MAL DI MARE Il viaggio è un’avventura esilarante. Masetti vede le cascate del Reno e quelle del Niagara. Devia dal percorso per vedere Bruges. I velocipedisti britannici – ne incontra 216 in un’ora – sorridono nel vederlo col frustino per cani. Patisce il mal di mare sul piroscafo Chester, ma vede le balene nell’oceano. Da New York affronta l’America con un revolver, «un temperino fuori misura e una rete per dormire sugli alberi». Fa il bagno e il bucato nell’Hudson. Sorpreso dal temporale, mentre dorme all’aperto, racconta che «mi scoppiò un fulmine a 42 passi e schiantò un olmo». Cade con Eolo in un torrente, mentre lo passa su un asse di fortuna. Il 13 settembre è a Chicago e visita l’Esposizione Universale.

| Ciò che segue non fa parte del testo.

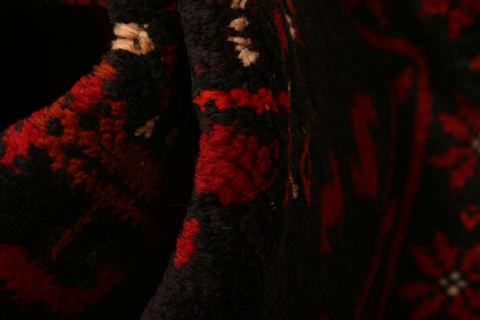 Baluch Black Runner Hand Knotted 54 X 99 Area Rug 100-22801 Image 1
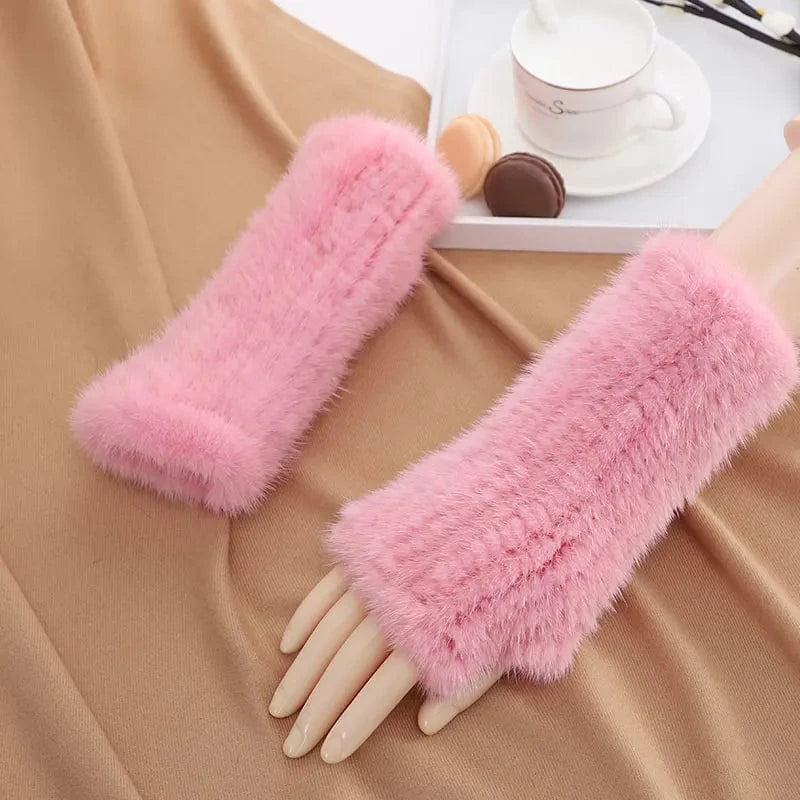 Luxury opera party warm half finger women winter gloves real mink fur mittens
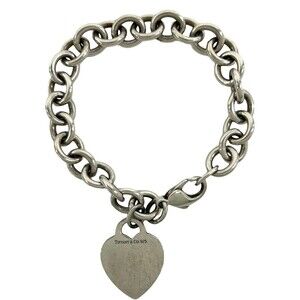 TIFFANY & CO. Silver Heart Charm Bracelet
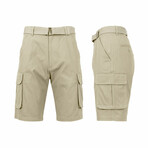 Men's Cotton Flex Stretch Cargo Shorts With Belt // Khaki (L)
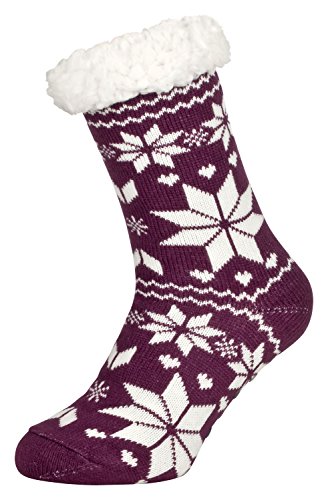 Tobeni 1 Paar Damen Hüttensocken ABS Socken Kuschelsocken mit Anti-Rutsch Noppen Sohle Grösse One Size Farbe Eiskristall Violett von Tobeni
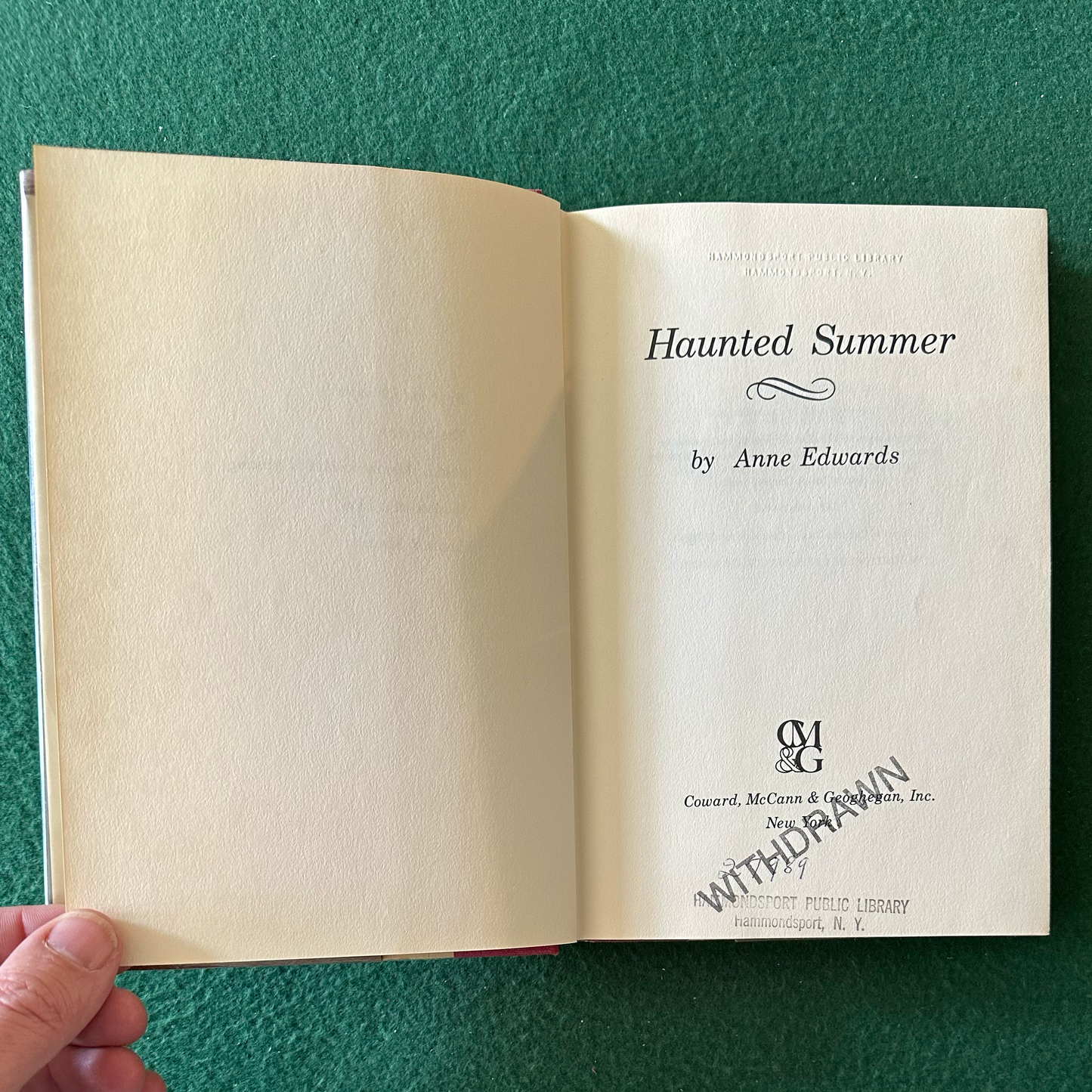 Vintage Horror Hardback: Anne Edwards - Haunted Summer EX-LIBRARY FIRST EDITION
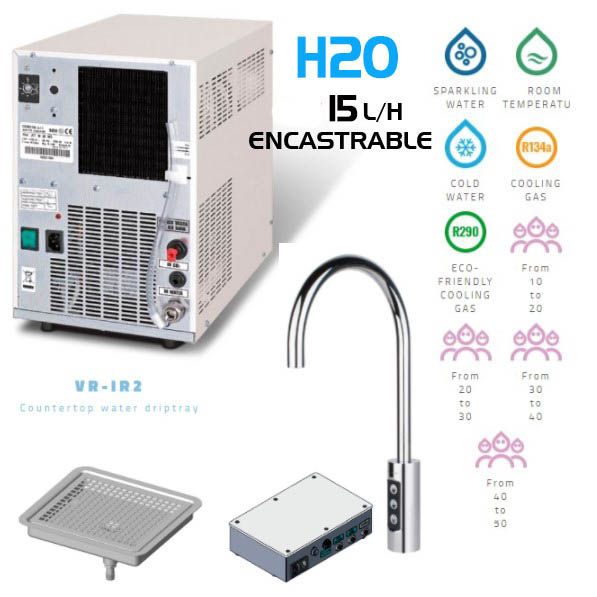 REFROIDISSEUR EAU ENCASTRABLE H2O  15 L/H (SANS ROBINETS ET RECUEIL GOUTTES, INSTALLATION ET MISE EN SERVICE SUR SITE AU ATTENTES ELECTRIQUES ET EAU, SANS FILTRE)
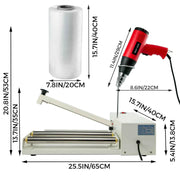 Bild in Galerie-Viewer laden, Amocart 12/18/24in Shrink Wrap Sealer Laminating Machine W/ Heat Gun 1800W Film Available Roll For PVC POF Film Books Toys Food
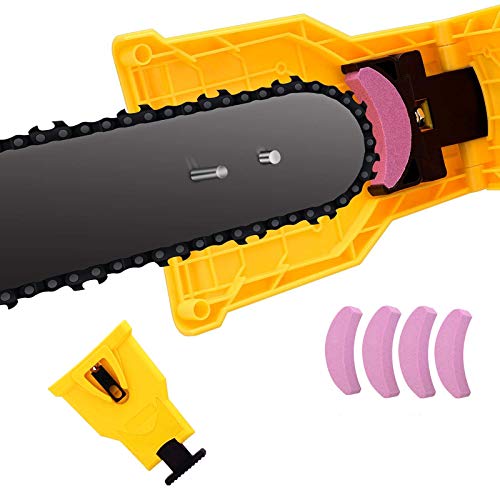 Electric Chainsaw Teeth Blade Sharpener - Chain Saw Blade Sharpener Fast Sharpening Stone Grinder Tools Bar Mounted Suitable for 14/16/18/20 Inch Two Holes Chain Saw Bar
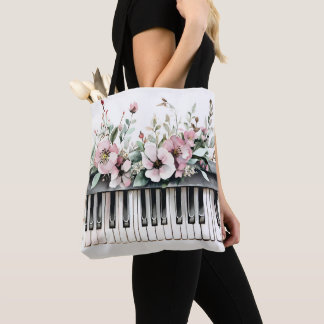 Bolsa Tote Saco de Compras Piano Chaves Buquê Floral 3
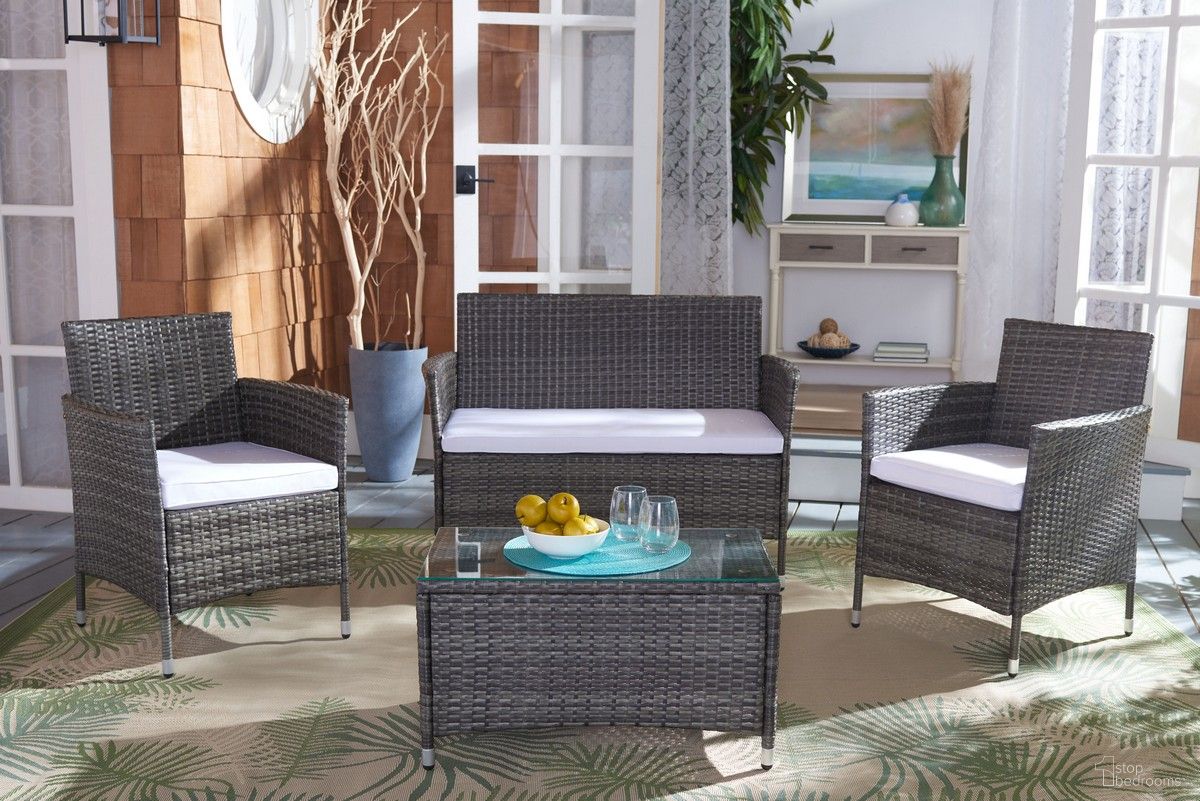 The appearance of Bandele 4Pc Living Set in Grey designed by Safavieh in the modern / contemporary interior design. This grey piece of furniture was selected by 1StopBedrooms from Bandele Collection to add a touch of cosiness and style into your home. Sku: PAT7506C. Material: Steel.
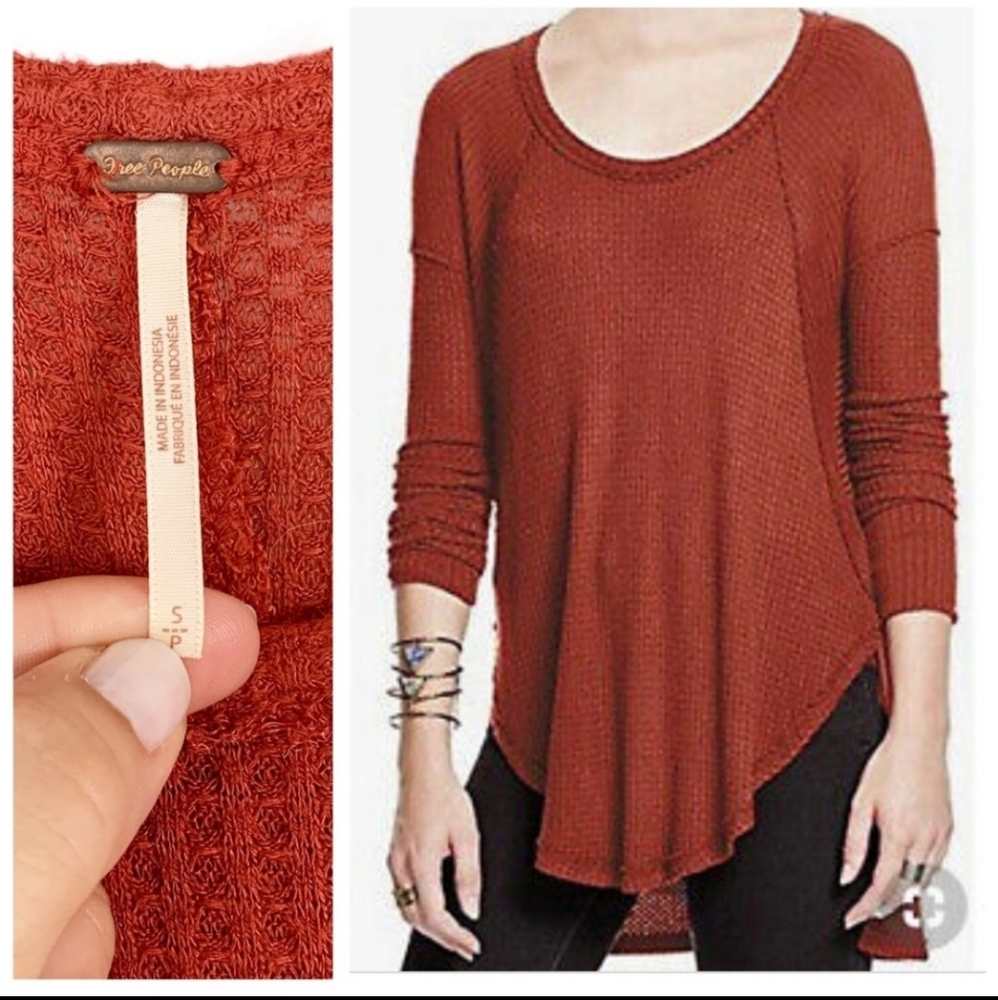 Free people rust Ventura thermal tunic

Gormully e Jeffery gli danno una Rambler nuova e 60 dollari, mentre Eolo finisce in vetrina.
L’INCONTRO Al ritorno pedala tra i binari per evitare la sabbia e per poco non viene travolto dal treno. Ma lo travolge una carrozza tirata da un cavallo balzano. Decide di passare da Washington e Filadelfia. Alla Casa Bianca non è giorno di ricevimento – il presidente degli Stati Uniti riceve due giorni a settimana – allora consegna un biglietto al segretario. E Grover Cleveland, che è alle prese con la crisi economica e reduce da un’operazione per un tumore alla gola, lo accoglie. Col suo revolver entra alla Casa Bianca e ha un rendez-vous con Glover Il Buono. Il 19 novembre rientra trionfante a Milano. E le corse? Il 15 maggio 1894 arriva terzo nella Gran Fondo, 540 km, a un’ora 6’13” da Eugenio Sauli. Poco importa che La Rivista Velocipedistica scriva che sulla salita di Dusino «il Masetti vi fu trascinato su dagli allenatori con una fune, esausto com’era». Affitta una cameretta nel quartiere di Porta Genova a Milano. Lì vive con due sorelle, un galletto, che gli dà la sveglia, due tortore e un piccione. Nel 1897 va in bici in Egitto e scala la piramide di Cheope. Attraversa la Palestina. Raggiunge la cima del Monte Bianco e, in bici, il Colle del Turlo.
EL MATO Nel 1900 fa il «viaggissimo», 18mila chilometri. Arriva sino a Ceuta, in Africa, gira la bici e risale verso Capo Nord. Si ferma a Hammerfest. Scende verso Mosca. Va a Jasnaja Poljana a trovare Tolstoj, che, a 65 anni, ha imparato ad andare in bicicletta e lo accoglie felice, gli dona un ritratto firmato. Scrive anche sulla Gazzetta dello Sport delle Seicento Chilometri. Trepida d’amore per Ada, che alla fine sceglie un ufficiale e la sicurezza. Masetti è «El Mato», per Torelli-Viollier «L’anarchico su due ruote». È un poeta, un uomo colto, curioso, audace, moderno. Il primo ciclista totale, che cancella le frontiere. È il D’Artagnan della bici. Col fascismo sprofonda nel mistero.